* ASSIGNMENT *
Reproduce the data below word for word, setting aside any picture it holds.

* PROVIDED DATA *
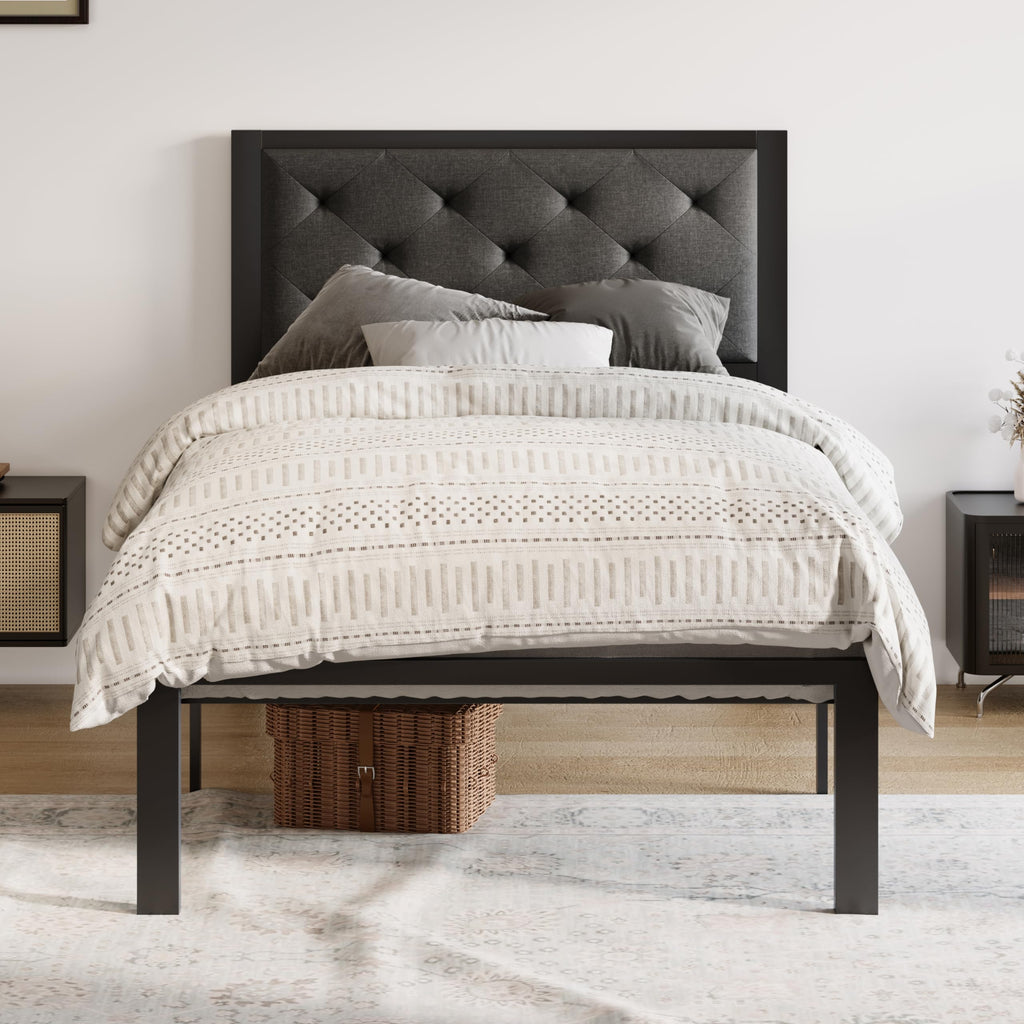 Twin Bed Frame with Upholstered Headboard, Dark Grey L1879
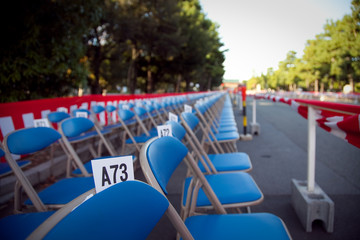 Empty chairs before the fair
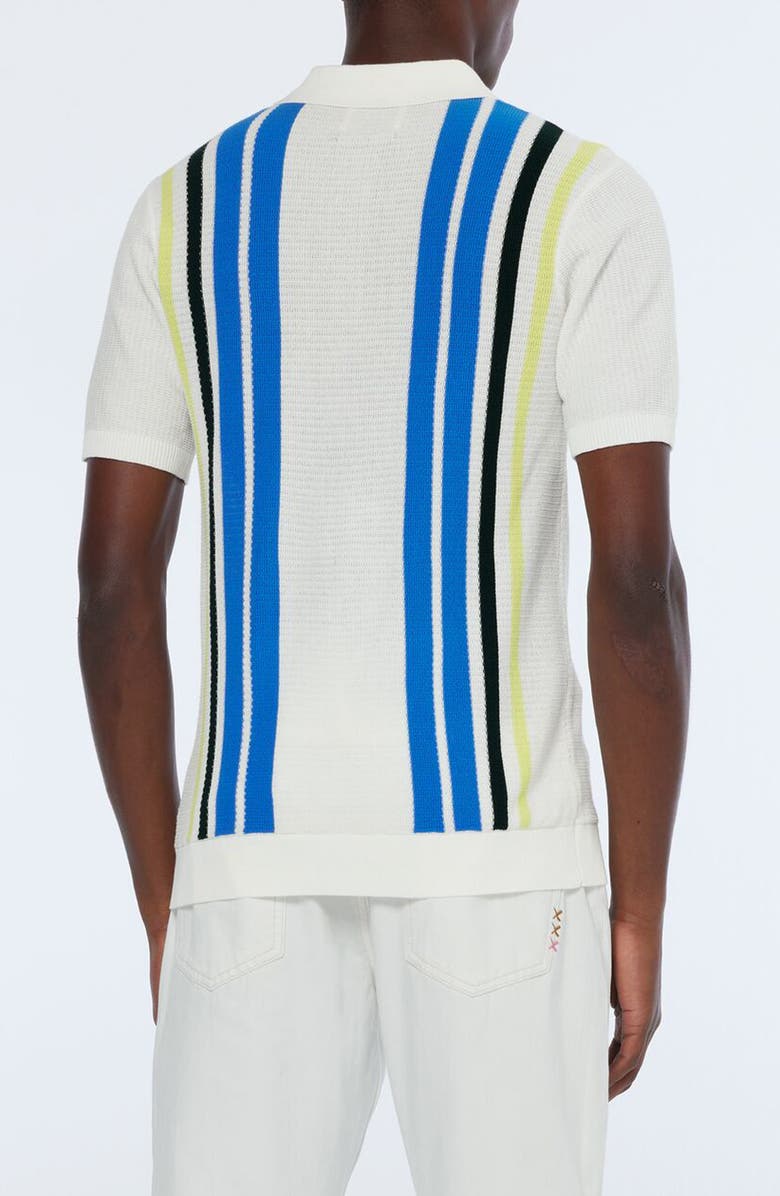 Scotch & Soda Stripe Textured Cotton Knit Polo, Alternate, color, Swan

* RESPONSE TO THIS TASK *
 Twin Bed Frame with Upholstered Headboard, Dark Grey L1879
 Empty chairs before the fair
 Scotch & Soda Stripe Textured Cotton Knit Polo, Alternate, color, Swan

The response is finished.